Ополчение целовало крест под Москвой отстаивать Церковь Православную и землю Русскую, но оно, к великой скорби святого Ермогена, не выполнило своей задачи. Между земщиной и казачеством начались сильные разногласия, закончившиеся убийством вождя земского ополчения Прокопия Ляпунова (22 июня 1611 года). По справедливому выражению Карамзина, «Ляпунов пал на гроб своего отечества». Для Русского государства по-видимому настали последние дни. Поляки взяли Смоленск, шведы — Новгород, в Пскове появился третий самозванец, какой-то Сидорка; от Москвы уцелели лишь находившиеся в руках поляков Кремль и Китай-город. Ополчение по смерти Прокопия Ляпунова расстроилось; многие из членов его покинули подмосковный стан, в котором хозяйничали казаки. Появился слух, что один из их предводителей, Иван Заруцкий, хочет возвести на московский престол «Воренка» — сына Марины Мнишек и Тушинскаго Вора. Чтобы предупредить возникновение новой самозванщины, святой Ермоген в августе 1611 года отправил из своего заточения в Нижний Новгород грамоту, видимо написанную с лихорадочной поспешностью: «Пишите в Казань к митрополиту Ефрему: пусть пошлет в полки к боярам и к казацкому войску учительную грамоту, чтобы они стояли крепко за веру и не принимали Маринкина сына на царство — я не благословляю.

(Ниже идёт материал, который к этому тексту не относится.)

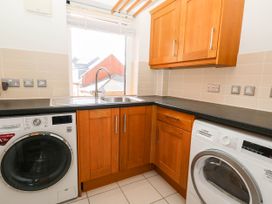 A laundry room with a washing machine and dryer at Harbour Heights in Weymouth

Да в Вологду пишите к властям о том и к Рязанскому владыке: пусть пошлет в полки учительную грамоту к боярам, чтобы унимали грабеж, сохраняли братство и как обещались положить души свои за Дом Пречистой, так же и совершили. Да и во все города пишите, что сына Маринки отнюдь не надо на царство; везде говорить моим именем».